Your goal:
Scan the records below for the line with "NeoCitran Cold and" and the line with "Free Printable American". Repeat those two lines and every line between them exactly, and nothing else.
===== Dataset records =====
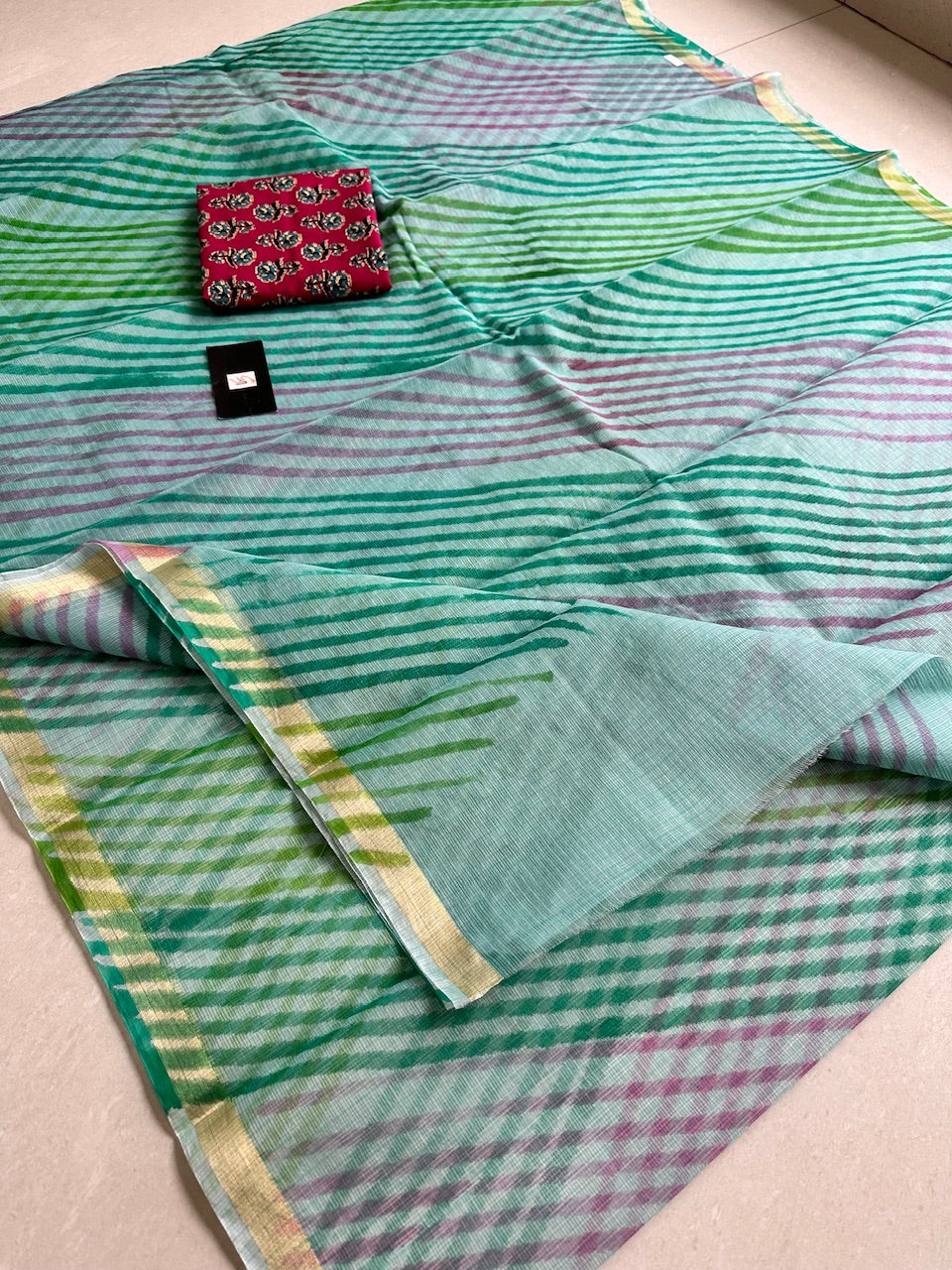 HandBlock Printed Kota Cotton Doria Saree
=====
===== Dataset records =====
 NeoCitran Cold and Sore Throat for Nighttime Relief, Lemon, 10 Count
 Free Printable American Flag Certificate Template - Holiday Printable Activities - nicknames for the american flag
=====
===== Dataset records =====
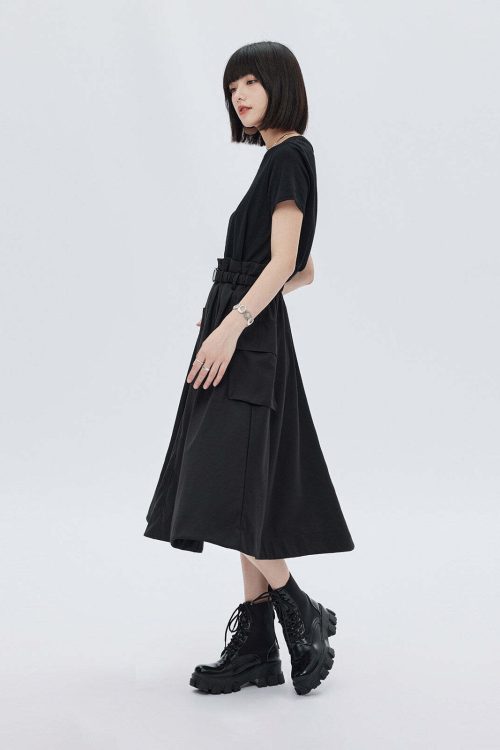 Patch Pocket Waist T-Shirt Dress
=====
Task response:
 NeoCitran Cold and Sore Throat for Nighttime Relief, Lemon, 10 Count
 Free Printable American Flag Certificate Template - Holiday Printable Activities - nicknames for the american flag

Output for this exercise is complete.